1. 1.2 release the power of induction.

Whether you work in these fields, such as medical diagnosis, handwriting recognition, market, financial prediction, bioinformatics, economics, or any other professional field that needs empirical analysis, you will often face such a situation that the potential first principles have not been discovered, or the system being studied is too complicated to provide useful results through sufficiently detailed mathematical description. I find data-driven induction useful in all the above situations, and you will agree with this.

Note: Beyond science, deductive analysis may occupy the peak position in economics, and most of its focus (even today) revolves around testing and evaluating the economic effectiveness of deductive theory. In fact, economists' desire for objective verification theory gave birth to a new statistical student discipline-econometrics.

1. 1.3 Inferring the Way of Yin and Yang

Although induction and deduction are quite different, they can actually complement each other. It is unusual for a researcher to plan a project that contains inductive and deductive elements.

If you have worked in the field of empirical modeling for a long or short time, you are likely to find this situation: you plan to carry out an inductive or deductive project, but I didn't expect that you will find other more suitable methods to sort out your research problems as time goes by. Remember that the use of induction or deduction depends in part on your data analysis goals.

Note: The relative decline in the superiority of deductive reasoning can be partly explained by the high success of data-driven model. Italian scholars Matteo Pardo and Giorgio Sberveglieri correctly observed 6 more than ten years ago: "At present, there has been a paradigm shift from classical modeling following the first principle to developing data modeling." Interestingly, it should be noted that the shortage of data modelers is a worldwide problem.

1.2 Three elements of learning problems

Our discussion begins with the basis of learning problems. For example, the supervised classification problem, the data we get is a real-valued attribute-response pair (x, y). Three elements constitute the basic learning problem.
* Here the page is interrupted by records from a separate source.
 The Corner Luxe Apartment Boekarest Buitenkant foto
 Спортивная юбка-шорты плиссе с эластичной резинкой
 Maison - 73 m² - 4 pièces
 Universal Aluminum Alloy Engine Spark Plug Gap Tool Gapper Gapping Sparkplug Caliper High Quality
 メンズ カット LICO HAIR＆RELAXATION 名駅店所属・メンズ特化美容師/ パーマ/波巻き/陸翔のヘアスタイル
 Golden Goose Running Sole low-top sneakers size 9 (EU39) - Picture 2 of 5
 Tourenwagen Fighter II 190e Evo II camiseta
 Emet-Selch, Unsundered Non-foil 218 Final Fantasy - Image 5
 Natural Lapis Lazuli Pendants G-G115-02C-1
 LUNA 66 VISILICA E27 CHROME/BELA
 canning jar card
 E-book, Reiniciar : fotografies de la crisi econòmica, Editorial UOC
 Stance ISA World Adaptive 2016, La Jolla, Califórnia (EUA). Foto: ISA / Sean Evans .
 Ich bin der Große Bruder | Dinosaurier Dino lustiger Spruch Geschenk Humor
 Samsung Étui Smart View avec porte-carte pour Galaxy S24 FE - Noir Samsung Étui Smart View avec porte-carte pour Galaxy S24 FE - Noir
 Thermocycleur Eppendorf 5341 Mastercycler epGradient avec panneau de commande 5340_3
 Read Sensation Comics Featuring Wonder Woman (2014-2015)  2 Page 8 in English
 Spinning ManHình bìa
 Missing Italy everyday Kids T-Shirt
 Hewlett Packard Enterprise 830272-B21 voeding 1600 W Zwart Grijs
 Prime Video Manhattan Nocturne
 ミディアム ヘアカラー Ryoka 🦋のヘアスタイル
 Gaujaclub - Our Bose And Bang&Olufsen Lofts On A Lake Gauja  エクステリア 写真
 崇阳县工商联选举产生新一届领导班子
1.3 the goal of learning from data

note:

Inductive bias is a key factor in data science practice, as Jonathan Baxter of London School of Economics explained: "In machine learning, the most important thing is to learn the pre-bias of machine hypothesis space, which should be small enough to ensure the good generalization (predictive ability) of reasonable training set and large enough to contain good solutions to learning problems."

1.3. 1 defines the selection criteria.

1.3.2 learning task selection

Now that our learning framework is ready, we can turn our attention to the real tasks that data scientists need to perform. Fortunately, it turns out that learning from data can be accurately divided into three basic types of work:

Classification or estimation of (1) decision boundary. For example, eggs are sorted by size and color on the assembly line.

(2) Regression or estimation of unknown continuous function. For example, predict the average box office value created by local music festivals.

(3) Estimation of probability density. For example, estimate the density of pike in Irish coastal rivers.

This paper will mainly discuss the classification problem from beginning to end, because it is the most frequent task that data scientists face. However, the lessons we have learned apply to all three types of tasks.